======== Provided records ========
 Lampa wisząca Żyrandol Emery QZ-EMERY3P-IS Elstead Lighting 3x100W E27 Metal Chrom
========
======== Provided records ========
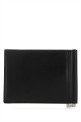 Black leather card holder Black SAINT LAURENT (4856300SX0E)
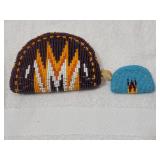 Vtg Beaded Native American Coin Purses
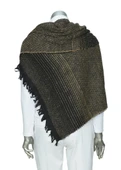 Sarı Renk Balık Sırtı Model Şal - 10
========
======== Provided records ========
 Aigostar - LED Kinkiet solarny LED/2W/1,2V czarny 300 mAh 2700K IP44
========
→ **To do**: Write out exactly the lines above between the one with "Vtg Beaded Native American Coin Purses" and the one with "Sarı Renk Balık Sırtı Model Şal - 10", inclusive, with pictures left out.

→ **Answer for this exercise**:
 Vtg Beaded Native American Coin Purses
 Sarı Renk Balık Sırtı Model Şal - 10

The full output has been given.